El propio Beckham ha reconocido con el paso de los años que aquella reacción fue "un error estúpido" que cambió su vida para siempre. Durante mucho tiempo cargó con las críticas de la afición inglesa, que le señaló como uno de los responsables de la eliminación del equipo nacional. 

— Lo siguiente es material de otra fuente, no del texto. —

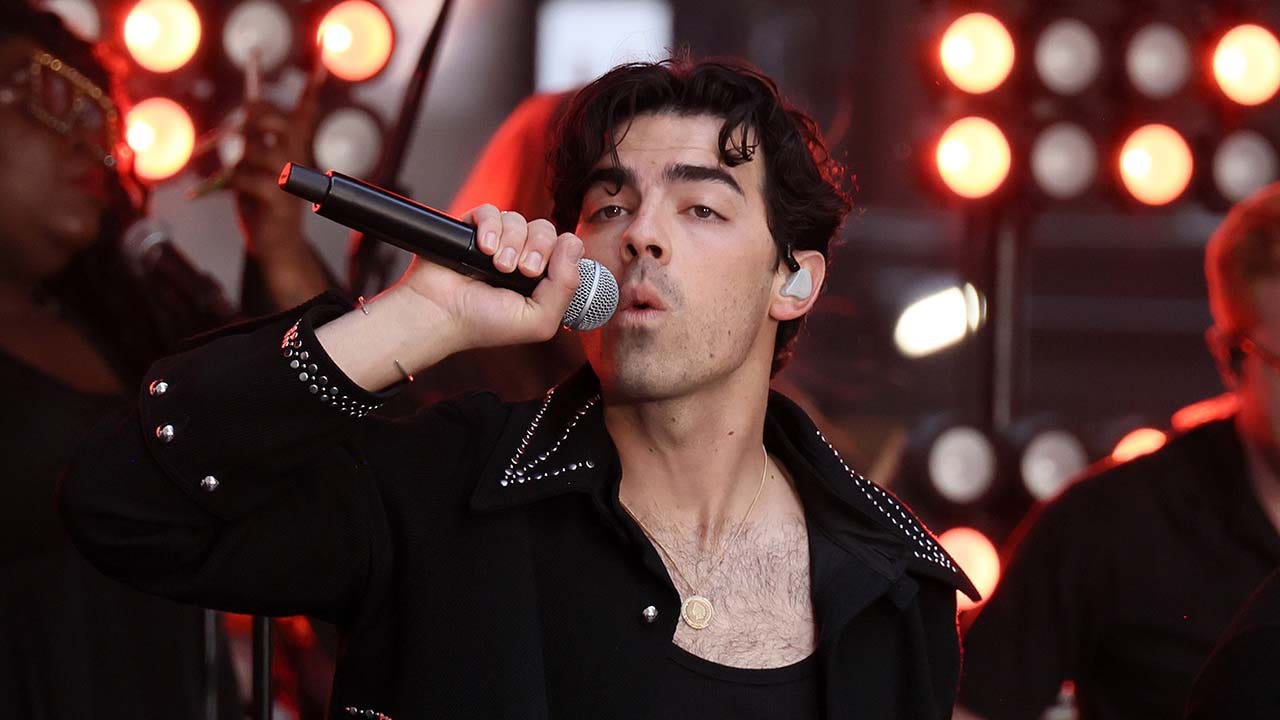 Joe Jonas reveals he once had to do a 'mid-wardrobe s--- change' during concert: 'That's just real life'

De Diego Simeone a Lionel Messi

El tiempo, sin embargo, ha terminado curando las heridas. Años después de aquel polémico episodio, Beckham y Simeone dejaron atrás cualquier resentimiento y su reconciliación quedó simbolizada recientemente en una fotografía tomada antes de esta nueva semifinal mundialista, una imagen que demuestra cómo el deporte también sabe cerrar viejas heridas. Curiosamente, casi tres décadas después vuelve a encontrarse emocionalmente frente a Argentina, aunque esta vez desde una perspectiva completamente diferente. Ya no hay tensión personal ni cuentas pendientes. En su lugar aparece el afecto que ha construido junto a Messi desde que ambos comenzaron a trabajar codo con codo en el proyecto del Inter Miami.

Media Image© simeone

Una semifinal imposible de vivir con indiferencia

Cuando el balón eche a rodar, Beckham volverá a sentirse inglés hasta la médula. Pero también será inevitable que una parte de él mire con orgullo al futbolista que lidera el club en el que ha depositado tantas ilusiones.

Media Image© Getty Images

Es, probablemente, la semifinal más difícil de vivir para una figura que ha unido su nombre tanto a Inglaterra como al crecimiento del Inter Miami. Si ganan los Three Lions, celebrará el éxito de su país. Si lo hace Argentina, verá cómo el jugador que ha transformado su proyecto continúa escribiendo una nueva página en la historia del fútbol. Sea cual sea el resultado, David Beckham volverá a demostrar que el fútbol también está hecho de afectos, lealtades y relaciones personales capaces de poner a prueba incluso a quienes parecían tener siempre muy claro de qué lado estaban.